Roughly 50 percent of my record and CD collection is taken up with obscure works, mostly of the romantic and modern eras. I must admit I return to them infrequently. Probably most of the 20th century stuff has been played once, much not at all. Such is my discouraging experience, that I doubt that 100s of those unplayed discs will ever grace (or, more likely, grate on) my ears.

Therefore I am grateful to report that this recent work by a composer unknown to me, David Mullikin, has been played already on several occasions - and will be played again. I am partial to the oboe anyway, but even were it not so, no doubt Mullikin's accessible style, vivacity and melodiousness would have won me over. For this concerto has an abundance of kinetic energy, and technical bravura to go with its more fetching charms, including a plethora of audience pleasing attractions which, outside of the work of our best film composers, have been in short order for 3 generations. I refer, of course, to those essentials of the reactionary musical past - melody, harmony and, for lack of a technical peg to hang it on, what I would describe as pax musica. That in contradistinction from the malaise which has afflicted most so-called modern composers until the very recent past, bellum antimusicum, which, in self-contradiction to its claim to 'modernity', is actually a return to those primeval times before our benighted ancestors learned to prefer scales (i.e. melody), regular rhythm and form to musical chaos. (Which last phrase, I rush to aver, is an oxymoron anyhow, as recognizable melody, rhythm and form are exactly what distinguish music from mere sound.)

Therefore it is unalloyed pleasure to discover a David Mullikin, one of the next generation of 'modern' composers who seem to seek continuity with the past, rather than a punchup.

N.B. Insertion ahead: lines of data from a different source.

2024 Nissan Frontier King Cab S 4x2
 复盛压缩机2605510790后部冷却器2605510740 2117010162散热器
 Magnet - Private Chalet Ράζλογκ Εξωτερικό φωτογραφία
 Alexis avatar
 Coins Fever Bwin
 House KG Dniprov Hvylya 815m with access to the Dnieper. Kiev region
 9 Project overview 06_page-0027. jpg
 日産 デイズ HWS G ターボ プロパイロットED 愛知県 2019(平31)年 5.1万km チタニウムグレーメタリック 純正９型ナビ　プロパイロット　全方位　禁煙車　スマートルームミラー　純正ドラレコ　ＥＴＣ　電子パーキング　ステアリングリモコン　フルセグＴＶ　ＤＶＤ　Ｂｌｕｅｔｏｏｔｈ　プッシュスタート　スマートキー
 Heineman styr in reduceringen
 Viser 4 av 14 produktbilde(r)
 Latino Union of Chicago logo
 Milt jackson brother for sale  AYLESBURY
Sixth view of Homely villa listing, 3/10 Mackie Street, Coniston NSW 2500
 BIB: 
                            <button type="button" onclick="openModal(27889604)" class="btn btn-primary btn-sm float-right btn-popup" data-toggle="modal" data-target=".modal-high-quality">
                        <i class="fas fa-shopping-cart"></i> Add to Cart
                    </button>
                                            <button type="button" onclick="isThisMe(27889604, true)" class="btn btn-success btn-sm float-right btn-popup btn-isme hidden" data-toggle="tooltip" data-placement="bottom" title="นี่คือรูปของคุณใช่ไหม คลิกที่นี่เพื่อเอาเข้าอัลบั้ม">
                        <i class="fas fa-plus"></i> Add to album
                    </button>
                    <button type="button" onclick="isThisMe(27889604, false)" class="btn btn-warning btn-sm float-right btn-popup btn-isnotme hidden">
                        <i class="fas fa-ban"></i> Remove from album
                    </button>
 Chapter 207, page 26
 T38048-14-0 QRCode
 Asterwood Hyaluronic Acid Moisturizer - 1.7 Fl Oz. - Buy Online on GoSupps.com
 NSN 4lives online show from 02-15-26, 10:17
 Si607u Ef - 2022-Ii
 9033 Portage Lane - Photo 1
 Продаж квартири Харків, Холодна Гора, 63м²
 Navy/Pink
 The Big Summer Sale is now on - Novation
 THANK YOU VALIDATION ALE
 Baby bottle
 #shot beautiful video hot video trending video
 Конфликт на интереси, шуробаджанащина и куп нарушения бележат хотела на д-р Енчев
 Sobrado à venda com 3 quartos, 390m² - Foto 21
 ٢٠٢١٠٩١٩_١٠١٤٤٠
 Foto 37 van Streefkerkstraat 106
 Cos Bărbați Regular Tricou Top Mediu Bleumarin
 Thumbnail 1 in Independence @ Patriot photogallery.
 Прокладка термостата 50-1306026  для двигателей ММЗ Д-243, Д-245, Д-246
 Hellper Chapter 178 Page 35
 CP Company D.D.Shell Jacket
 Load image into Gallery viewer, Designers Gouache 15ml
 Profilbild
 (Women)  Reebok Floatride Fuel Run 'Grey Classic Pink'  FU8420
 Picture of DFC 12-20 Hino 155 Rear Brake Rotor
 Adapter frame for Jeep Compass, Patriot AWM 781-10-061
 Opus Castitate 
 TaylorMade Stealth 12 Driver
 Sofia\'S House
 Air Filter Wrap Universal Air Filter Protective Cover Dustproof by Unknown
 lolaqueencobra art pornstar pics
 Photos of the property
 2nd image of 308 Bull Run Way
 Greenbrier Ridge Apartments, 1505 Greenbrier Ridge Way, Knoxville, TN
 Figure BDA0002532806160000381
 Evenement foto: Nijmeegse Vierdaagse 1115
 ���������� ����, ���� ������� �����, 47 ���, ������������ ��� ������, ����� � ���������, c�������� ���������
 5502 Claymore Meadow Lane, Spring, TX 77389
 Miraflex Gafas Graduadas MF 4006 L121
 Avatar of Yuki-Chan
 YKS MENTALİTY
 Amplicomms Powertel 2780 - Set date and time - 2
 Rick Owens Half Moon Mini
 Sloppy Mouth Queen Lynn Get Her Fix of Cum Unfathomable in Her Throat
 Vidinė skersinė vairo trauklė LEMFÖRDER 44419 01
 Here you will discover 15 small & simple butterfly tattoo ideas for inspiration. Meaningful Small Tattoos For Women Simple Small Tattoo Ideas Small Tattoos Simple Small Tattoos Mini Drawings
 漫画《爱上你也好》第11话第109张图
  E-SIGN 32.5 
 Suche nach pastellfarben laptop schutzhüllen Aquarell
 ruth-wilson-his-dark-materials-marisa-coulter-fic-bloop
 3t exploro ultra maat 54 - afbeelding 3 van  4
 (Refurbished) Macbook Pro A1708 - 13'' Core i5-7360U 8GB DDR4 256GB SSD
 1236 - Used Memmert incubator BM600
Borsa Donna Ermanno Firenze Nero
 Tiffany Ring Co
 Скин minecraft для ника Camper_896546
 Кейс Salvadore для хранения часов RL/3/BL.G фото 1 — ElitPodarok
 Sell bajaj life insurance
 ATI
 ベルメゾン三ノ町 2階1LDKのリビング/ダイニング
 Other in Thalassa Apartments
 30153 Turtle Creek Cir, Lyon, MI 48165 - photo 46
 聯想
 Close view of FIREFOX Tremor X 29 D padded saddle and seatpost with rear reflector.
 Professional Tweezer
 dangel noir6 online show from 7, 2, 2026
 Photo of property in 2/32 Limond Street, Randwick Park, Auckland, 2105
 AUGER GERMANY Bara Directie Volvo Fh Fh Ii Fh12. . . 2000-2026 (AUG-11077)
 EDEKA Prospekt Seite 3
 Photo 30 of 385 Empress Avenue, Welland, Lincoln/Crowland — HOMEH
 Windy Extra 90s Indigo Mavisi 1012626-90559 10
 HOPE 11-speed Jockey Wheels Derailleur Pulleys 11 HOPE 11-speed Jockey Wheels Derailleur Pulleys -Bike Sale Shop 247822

Actually Mullikin records his 'great admiration for film music' in the CD notes. And one can detect that influence in his priorities, if not usually in his style itself. (Apart from a few moments when I thought to hear an echo of Bernard Herrmann at his most pastoral, e.g. The Trouble with Harry.)

And if you, like this listener, are partial to pastoral, the CD also boasts a lovely performance of that fragrant autumnal fruit of another musical reactionary, the octogenarian Richard Strauss. His oboe concerto has long been a favourite of mine, harking back, as do the 4 Last Songs, written around the same time, to the youthful joy and aching longing of Till Eulenspiegel, Don Juan, and Death and Transfiguration, yet with a new depth and reflectiveness which were permitted to the elder Strauss after the enervating exertions of his Elektra period. Peter Cooper's tonal pallette and technique are admirably suited to both works, and Marriner's band is in top form. Especially if you don't know the Strauss, and/or have an (not too) adventurous bent, grab this CD.